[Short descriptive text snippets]
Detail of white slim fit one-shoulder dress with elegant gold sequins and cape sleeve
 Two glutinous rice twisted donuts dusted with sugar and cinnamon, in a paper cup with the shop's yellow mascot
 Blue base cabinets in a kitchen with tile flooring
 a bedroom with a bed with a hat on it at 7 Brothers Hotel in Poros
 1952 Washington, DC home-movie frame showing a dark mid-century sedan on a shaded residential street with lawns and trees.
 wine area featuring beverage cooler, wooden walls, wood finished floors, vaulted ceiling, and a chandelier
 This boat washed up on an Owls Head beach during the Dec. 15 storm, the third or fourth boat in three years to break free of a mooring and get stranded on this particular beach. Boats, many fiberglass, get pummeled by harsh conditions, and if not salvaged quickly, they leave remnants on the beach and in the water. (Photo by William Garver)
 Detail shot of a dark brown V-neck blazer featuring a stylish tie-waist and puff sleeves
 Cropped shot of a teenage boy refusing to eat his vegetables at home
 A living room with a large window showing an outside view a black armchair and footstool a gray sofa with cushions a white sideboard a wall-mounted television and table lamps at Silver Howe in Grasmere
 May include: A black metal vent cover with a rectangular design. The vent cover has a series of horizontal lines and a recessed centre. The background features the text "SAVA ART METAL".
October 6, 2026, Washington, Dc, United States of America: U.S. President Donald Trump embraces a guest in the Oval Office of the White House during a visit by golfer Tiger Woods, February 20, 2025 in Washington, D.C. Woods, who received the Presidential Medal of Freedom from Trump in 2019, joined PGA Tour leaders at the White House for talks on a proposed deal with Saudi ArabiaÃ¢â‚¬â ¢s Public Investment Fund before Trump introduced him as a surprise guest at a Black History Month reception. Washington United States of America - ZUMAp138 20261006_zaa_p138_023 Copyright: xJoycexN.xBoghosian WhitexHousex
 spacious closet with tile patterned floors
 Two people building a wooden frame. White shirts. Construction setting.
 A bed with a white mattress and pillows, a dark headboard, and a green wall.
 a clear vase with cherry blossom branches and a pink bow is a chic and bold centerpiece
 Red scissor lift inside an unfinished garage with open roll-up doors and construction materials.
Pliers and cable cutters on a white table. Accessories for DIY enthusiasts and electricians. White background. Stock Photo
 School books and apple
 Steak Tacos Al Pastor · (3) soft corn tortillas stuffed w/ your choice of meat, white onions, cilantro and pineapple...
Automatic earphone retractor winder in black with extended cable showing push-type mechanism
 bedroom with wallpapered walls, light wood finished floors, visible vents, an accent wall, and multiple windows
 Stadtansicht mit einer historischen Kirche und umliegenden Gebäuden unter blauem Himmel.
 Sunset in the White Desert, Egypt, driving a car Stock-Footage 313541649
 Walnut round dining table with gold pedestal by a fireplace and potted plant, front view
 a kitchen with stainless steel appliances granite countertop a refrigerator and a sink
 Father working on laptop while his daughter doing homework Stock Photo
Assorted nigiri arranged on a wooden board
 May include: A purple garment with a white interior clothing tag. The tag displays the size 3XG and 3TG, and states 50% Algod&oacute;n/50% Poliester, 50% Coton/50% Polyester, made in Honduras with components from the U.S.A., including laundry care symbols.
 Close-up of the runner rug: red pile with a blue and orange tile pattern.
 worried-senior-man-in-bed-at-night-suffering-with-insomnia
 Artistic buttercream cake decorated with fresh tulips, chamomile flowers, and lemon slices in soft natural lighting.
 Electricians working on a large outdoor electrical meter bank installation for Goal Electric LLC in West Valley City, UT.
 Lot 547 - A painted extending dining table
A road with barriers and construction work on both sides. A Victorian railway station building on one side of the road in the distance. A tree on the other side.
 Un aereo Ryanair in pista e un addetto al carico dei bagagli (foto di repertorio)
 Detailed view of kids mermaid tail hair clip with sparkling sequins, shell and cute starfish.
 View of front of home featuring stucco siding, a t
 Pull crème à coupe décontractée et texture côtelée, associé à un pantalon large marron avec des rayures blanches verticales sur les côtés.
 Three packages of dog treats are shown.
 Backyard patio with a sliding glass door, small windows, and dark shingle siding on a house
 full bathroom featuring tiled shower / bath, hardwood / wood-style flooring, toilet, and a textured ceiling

Work instructions →
The required answer is the exact run of lines above starting at the line with "worried-senior-man-in-bed-at-night-suffering-with-insomnia" and ending at the line with "View of front", with both ends present.

Completed task →
 worried-senior-man-in-bed-at-night-suffering-with-insomnia
 Artistic buttercream cake decorated with fresh tulips, chamomile flowers, and lemon slices in soft natural lighting.
 Electricians working on a large outdoor electrical meter bank installation for Goal Electric LLC in West Valley City, UT.
 Lot 547 - A painted extending dining table
A road with barriers and construction work on both sides. A Victorian railway station building on one side of the road in the distance. A tree on the other side.
 Un aereo Ryanair in pista e un addetto al carico dei bagagli (foto di repertorio)
 Detailed view of kids mermaid tail hair clip with sparkling sequins, shell and cute starfish.
 View of front of home featuring stucco siding, a t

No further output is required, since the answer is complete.